REQUIRED ACTION:
Lines from the one containing "Used 2020 Land" through the final line of the data, restated word for word and free of pictures, make up the whole answer.

DATASET EXTRACT:
....

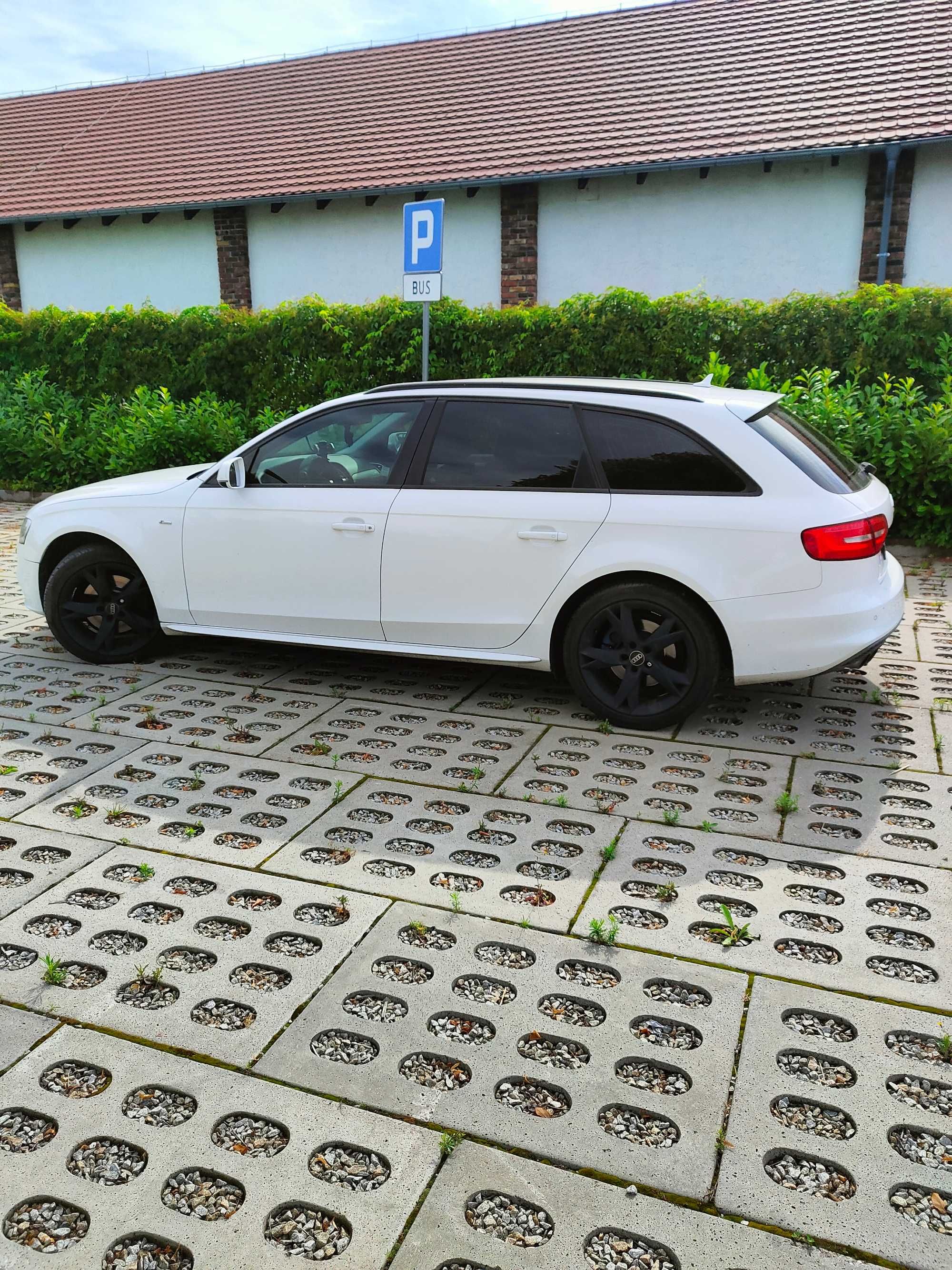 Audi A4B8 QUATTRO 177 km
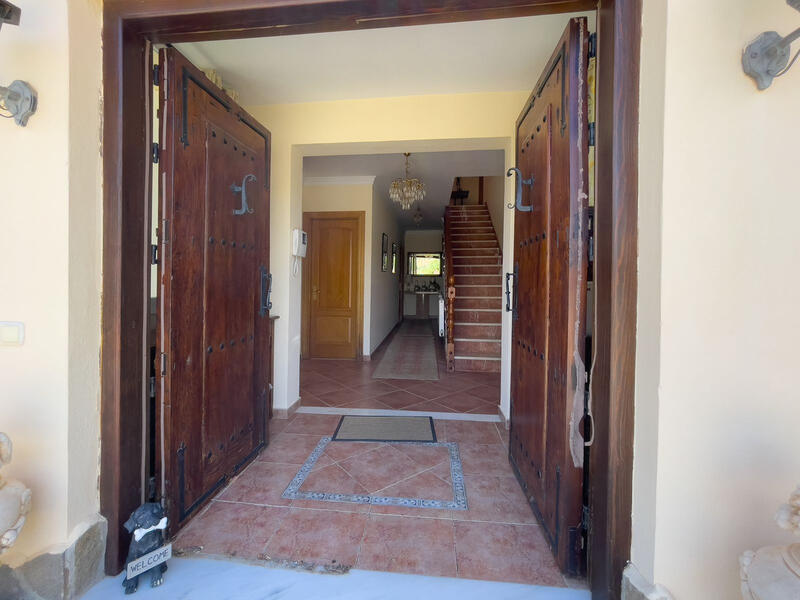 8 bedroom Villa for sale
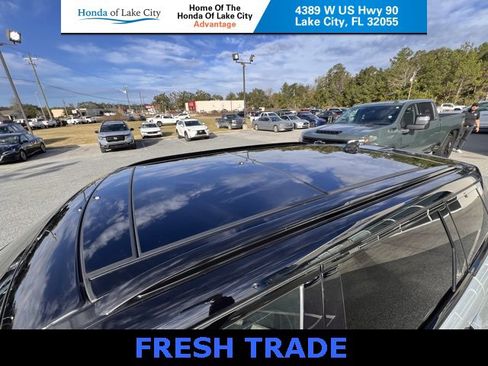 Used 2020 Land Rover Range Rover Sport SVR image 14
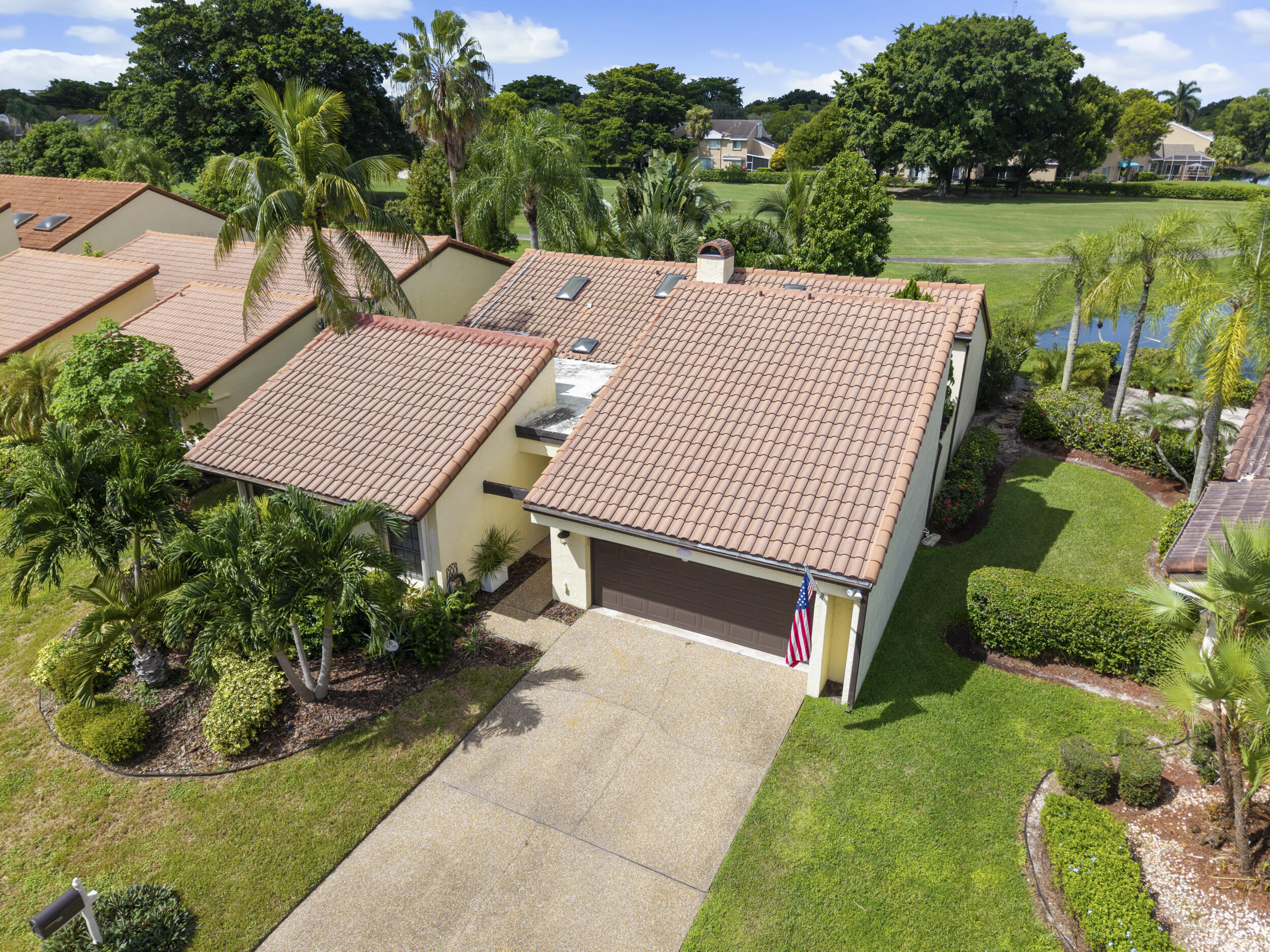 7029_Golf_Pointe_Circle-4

....

YOUR RESPONSE:
 Used 2020 Land Rover Range Rover Sport SVR image 14
 7029_Golf_Pointe_Circle-4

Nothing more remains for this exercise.